Intelligent Prompt Enhancement & Token Caching Proxy
A self-hosted, provider-agnostic LLM proxy that cuts costs by 30-60% and latency by 40%+ through aggressive token caching and cache-safe prompt engineering.
- Overview
- Why LayerCache?
- Core Concept: The Layered Prompt Architecture
- Features
- Quick Start
- Usage Examples
- API Reference
- Configuration
- Docker Deployment
- Architecture
- Development
- Documentation
- License
LayerCache sits between your application and LLM providers (Anthropic, OpenAI, Google Gemini). It is a drop-in replacement for your LLM provider's base URL — just point your OpenAI SDK at LayerCache.
In the background, LayerCache:
- Canonicalizes your prompts for byte-for-byte deterministic output (maximizing prefix cache hits)
- Injects provider-specific cache markers at stable layer boundaries
- Truncates long conversations to fit within a token budget (keeping recent turns, dropping old ones)
- Warns when your prefix is too short for provider caching to work
- Applies prompt enhancements (Chain of Thought, few-shot examples, etc.) without breaking the cache
- Caches semantically similar queries to bypass the LLM entirely on repeat requests
- Tracks metrics — token savings, cost reduction, cache hit rates — via Prometheus and a built-in web dashboard
| Problem | LayerCache Solution |
|---|---|
| Prompt prefix cache misses due to whitespace/ordering differences | Automatic canonicalization ensures identical prompts produce byte-for-byte identical output |
| Adding prompt enhancements (CoT, few-shots) breaks provider caching | Layered architecture (L0-L4) ensures enhancements are injected after the cached prefix |
| No visibility into cache performance or cost savings | Built-in Prometheus metrics and JSON dashboard showing hit rates, tokens saved, and $ saved |
| Different providers have different caching mechanisms | Provider adapters handle Anthropic (ephemeral markers), OpenAI (auto-caching), and Gemini (CachedContent) |
| Repeated similar queries waste tokens and money | Semantic cache with embedding similarity matching bypasses the LLM for near-duplicate queries |
| Long conversations grow an unbounded prefix, reducing cache effectiveness | Automatic L2 session truncation keeps only the last N tokens of conversation history |
| Silent cache misses with no diagnostic | Runtime warning when L0+L1+L2 is below the provider caching threshold (~1024 tokens) |
| Cross-conversation semantic cache hits near zero due to session history in the cache key | Prefix hash redesigned to L0+L1 only — L2 and session_id excluded from the cache key |
| Model names differ between client config and upstream API | Configurable model aliases + automatic upstream model discovery |
The key insight behind LayerCache is that prompts have naturally occurring layers with different stability profiles. By enforcing strict separation between these layers, we can optimize caching and enhance prompts without invalidating provider prefix caches.

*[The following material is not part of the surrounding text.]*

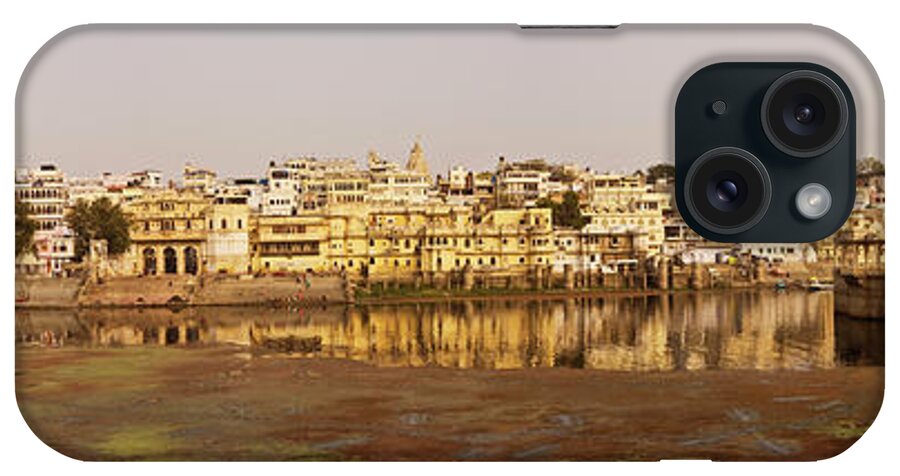 Panoramic iPhone Case featuring the photograph Pichola Lake, The Old Town And City by Maremagnum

| Layer | Content | Mutability | Cache Status |
|---|---|---|---|
| L0: System | Core persona, safety rules, output format | Immutable | Cached |
| L1: Context | Domain knowledge, tool definitions, static few-shots | Updated rarely | Cached |
| L2: Session | Conversation history, user preferences | Per session/turn | Cached (short TTL) |
| L3: Enhancement | Dynamic instructions (CoT, RAG, dynamic few-shots) | Per request | Uncached |
| L4: User Input | The actual user query | Dynamic | Uncached |
Cache breakpoints are placed at L0/L1/L2 boundaries. Enhancements are injected at L3, ensuring they never invalidate the stable prefix.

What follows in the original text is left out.